Quando l’individuo è annichilito

Forse una certa vulgata mainstream non si rende conto della gravità delle conseguenze di alcune prese di posizione ed ha i timpani talmente martellati dal suo stesso inconcludente frastuono da non percepire più, dal fondo di queste assurde battaglie, l’eco di periodi storici nefasti, nel corso dei quali l’individualità è stata annichilita dall’uniformità, spesso di una divisa, purtroppo. Esiterà ancora uno spazio per l’uomo che vuole spogliarsi, quando lo ritiene necessario, delle vesti del funzionario di Stato e che vuole esprimere un’opinione, anche la più criticabile?

È già accaduto con i professori universitari: le opinioni politiche di alcuni docenti sono state sanzionate pesantemente negli ultimi anni perché avrebbero coinvolto l’istituzione pubblica e ciò non sarebbe stato tollerabile persino secondo l’opinione di alcuni tribunali. E torniamo alla questione principale: chi assume le vesti di professore universitario non è più individuo?
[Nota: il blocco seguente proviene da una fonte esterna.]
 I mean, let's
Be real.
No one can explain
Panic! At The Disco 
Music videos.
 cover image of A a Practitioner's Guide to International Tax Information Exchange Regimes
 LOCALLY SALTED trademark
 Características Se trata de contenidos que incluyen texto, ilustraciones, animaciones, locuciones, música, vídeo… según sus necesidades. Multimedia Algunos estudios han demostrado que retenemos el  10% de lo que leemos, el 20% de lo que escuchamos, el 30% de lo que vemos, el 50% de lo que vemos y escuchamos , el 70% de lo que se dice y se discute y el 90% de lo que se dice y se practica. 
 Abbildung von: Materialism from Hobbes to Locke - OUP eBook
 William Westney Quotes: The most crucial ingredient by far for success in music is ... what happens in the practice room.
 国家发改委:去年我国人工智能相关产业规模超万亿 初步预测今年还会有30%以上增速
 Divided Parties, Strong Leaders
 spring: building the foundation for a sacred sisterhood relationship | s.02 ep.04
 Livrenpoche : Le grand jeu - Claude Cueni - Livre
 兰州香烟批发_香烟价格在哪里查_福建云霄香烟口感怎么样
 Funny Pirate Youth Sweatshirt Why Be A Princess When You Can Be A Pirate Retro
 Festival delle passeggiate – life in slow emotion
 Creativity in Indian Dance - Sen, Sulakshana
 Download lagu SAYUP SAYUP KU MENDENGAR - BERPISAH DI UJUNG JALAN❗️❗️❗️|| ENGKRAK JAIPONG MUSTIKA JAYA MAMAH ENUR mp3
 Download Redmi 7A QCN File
Esiste solo in quanto accademico? Non può più godere di spazi pubblici e privati all’interno dei quali manifestare il proprio pensiero civilmente e senza violenza? Non può più dissentire da presunte verità ufficiali? È condannato all’anomia e al silenzio? In quali occasioni sara l’uomo Tizio e non solo il Prof Tizio? Rimarrà a questo soggetto una sua vita che non sia solo quella sequestrata dalla dimensione statale e pubblica?

La minaccia di sanzioni a destra e a manca per il solo fatto di avere manifestato un pensiero e la furia animalesca con la quale si chiedono dimissioni ad ogni piè sospinto impoveriranno il dibattito pubblico, annichileranno la critica, distruggeranno la ricerca, perché in molti, in troppi, si priveranno della libertà di parlare (se non lo sapete, lo fanno già adesso), si auto censureranno e il resto del pubblico non potrà ascoltare il loro contributo, quale che esso sia.
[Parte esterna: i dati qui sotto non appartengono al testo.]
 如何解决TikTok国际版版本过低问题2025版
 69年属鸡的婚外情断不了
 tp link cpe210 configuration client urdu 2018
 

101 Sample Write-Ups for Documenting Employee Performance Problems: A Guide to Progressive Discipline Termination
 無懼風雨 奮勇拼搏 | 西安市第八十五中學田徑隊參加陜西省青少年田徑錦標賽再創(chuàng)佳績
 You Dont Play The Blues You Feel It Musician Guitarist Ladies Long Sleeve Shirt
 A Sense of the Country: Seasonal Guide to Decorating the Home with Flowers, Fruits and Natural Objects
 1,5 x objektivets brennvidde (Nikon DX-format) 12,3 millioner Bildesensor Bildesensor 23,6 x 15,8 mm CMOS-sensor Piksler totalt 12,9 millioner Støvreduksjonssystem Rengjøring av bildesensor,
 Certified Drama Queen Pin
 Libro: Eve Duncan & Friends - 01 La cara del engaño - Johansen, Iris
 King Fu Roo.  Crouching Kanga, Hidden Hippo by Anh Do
Il mainstream del politicamente corretto sta minacciando troppe persone perché tacciano, perché non pensino, perché non forniscano il loro contributo al dibattito franco e libero.

Il rispetto delle sentenze

E a coloro che in modo sconclusionato hanno replicato che non abbiamo fatto lo stesso discorso quando abbiamo rimproverato ad una certa magistratura militante d’interferire con l’autonomia del Parlamento, è appena il caso di rammentare che in quella circostanza la questione che si è posta non è stata quella della libertà dei giudici di manifestare la loro opinione, ma è stata quella, ben più rilevante, di non fare di una certa magistratura il legislatore supremo dell’intera nazione espropriando le funzioni del Parlamento.

E allo stesso modo appare del tutto banale l’osservazione di chi afferma che le sentenze si rispettano, perché le sentenze si eseguono, e in ciò sta la forza dello Stato e la soddisfazione dell’esigenza della certezza giuridica e dell’ordine pubblico. Il rispetto del contenuto della sentenza è una questione che attiene, invece, al foro interiore della coscienza morale di ciascun uomo libero. E questa differenza necessita di essere sottolineata sempre più spesso di fronte alle banalità che vorrebbero impedire la revisione critica di qualsiasi decisione giudiziaria. Forse è il caso di ululare di meno.